Именно эта культурная среда стала почвой для возникновения такого уникального явления в афро-кубинском искусстве, как поэтические соны Николаса Гильена и в частности знаменитый цикл «Мотивы сона». Своеобразна художественная структура этого сочинения, где Гильен, совместил, казалось бы, несовместимое. В виде литературного текста он воссоздал устную стихию народного сона, основываясь на претворении и письменной фиксации элементов негритянской и мулатской просодии, изнутри модифицировавшей структуру испанской речи. Гильен выстроил главную идею «Мотивов сона» на этой специфически ритмизованной «устности» со всеми ее «неправильностями», «проглатываниями» слогов, он «записал» народный говор.
Далее в очерке детально на конкретных примерах анализируются характер и особенности гильеновсокого поэтического текста, где для воссоздания «устного говора» искажается грамматика испанского языка, а сам текст строится на особом фонизме кратких симметричных слогов, имеющих явные африканские прототипы.
Не удивительно, что многие исследователи затруднялись однозначно определить «статус» «Мотивов сона» - считать ли их фактом профессиональной литературы или же народной. Тем более, что здесь Гильен целиком и полностью погрузился не только в фонизм и ритмику народного сона, но и в характерную иронично-смеховую атмосферу.

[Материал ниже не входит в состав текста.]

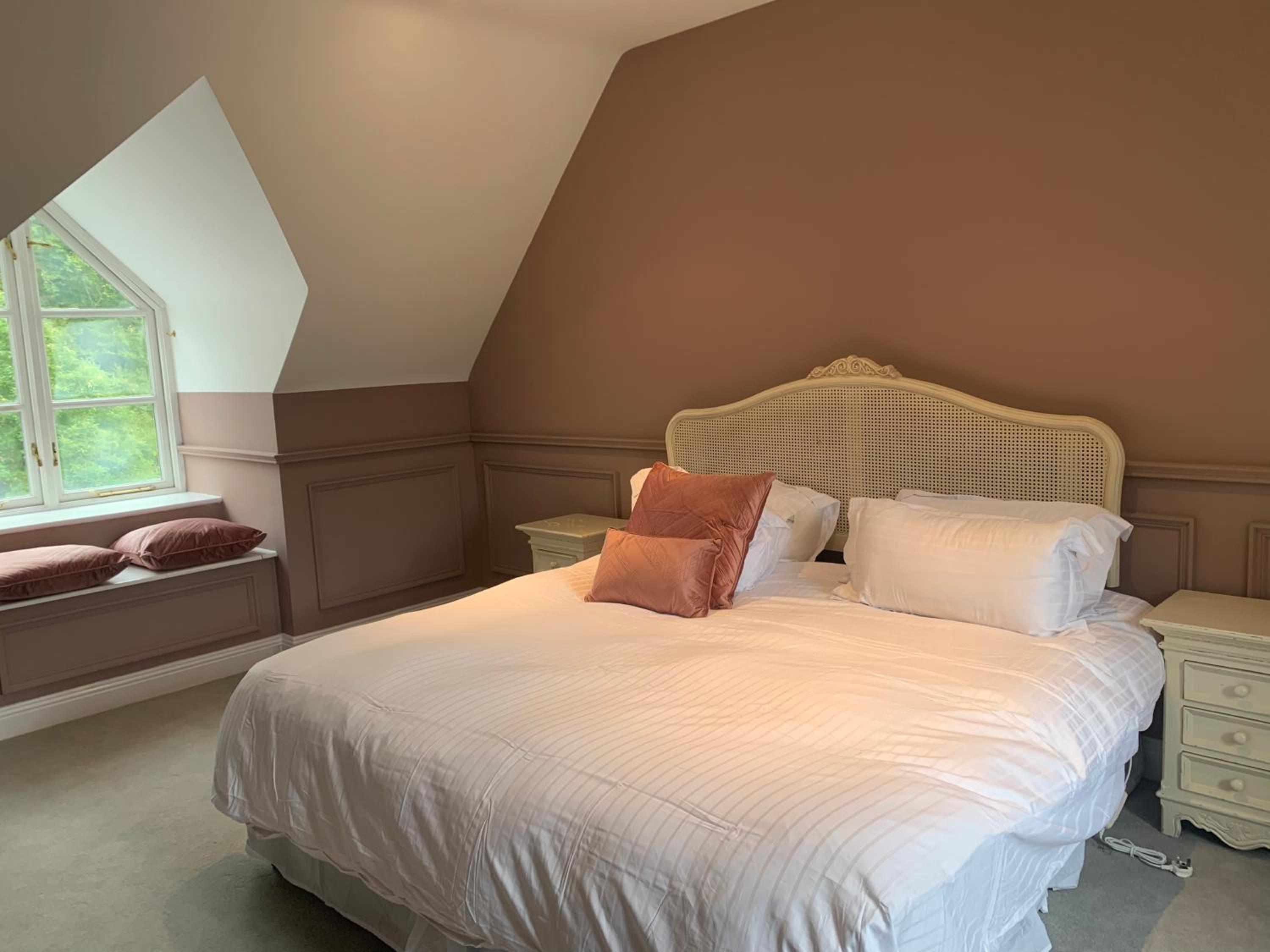 Four-Bedroom House - Photo 3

Сразу после опубликования «Мотивы сона» стали предметом многочисленных музыкальных интерпретаций со стороны самых различных музыкантов от А. Рольдана и А. Гарсии Катурлы, связанных с профессиональной академической традицией, до Эмилио и Элисео Грене, представляющих сферу городского демократического музицирования. Факт немедленного «омузыкаливания» этого уникального поэтического произведения говорит о том, что музыканты чутко восприняли своеобразную ритмическую, звуковую и конструктивную организацию гильеновского текста, основывающегося на игре фонем афро-испанского происхождения. Принцип подобия однотипных симметричных слогов таил богатые возможности для музыкально-ритмического и интонационного развертывания, распределения ритмических акцентов. Музыканты не могли не уловить неповторимое своеобразие гильеновской речевой интонации, которая в данном случае служила своего рода моделью для национально характерного мелодического интонирования. И здесь лингвистические и ритмо-интонационные поиски Гильена, спроецированные на мелодический язык, оказались частью гораздо более широкого процесса музыкально-речевых экспериментов, ставших одной из важнейших составляющих в музыке ХХ века в целом.
В результате анализа и сопоставления особенностей ритмо-структуры текста и мелодии можно прийти к выводу, что метрика текста строится на силлабо-тонической организации испанской коплы, однако модифицированной негритянской просодией. Музыкальная же метрика имеет не акцентную основу, а скрытую времяизмеряющую, идущую от африканских традиций.
Важнейший элемент соновой традиции музицирования – аутентизм исполнительства, без которого захватывающая музыка «природных тембров», остро ритмизованная, по-особому интонируемая, рискует превратиться в унылую банальность. В заключении еще раз подчеркивается важность такой постановки вопроса, ибо только региональные интерпретации непосредственных носителей этой устной традиции обладают особой выразительностью, котороая рожадется из претворения мелодики, фразировки, темпа мулатского говора, а поэтика в своей системе ассоциативных связей обретает подлинность и глубину.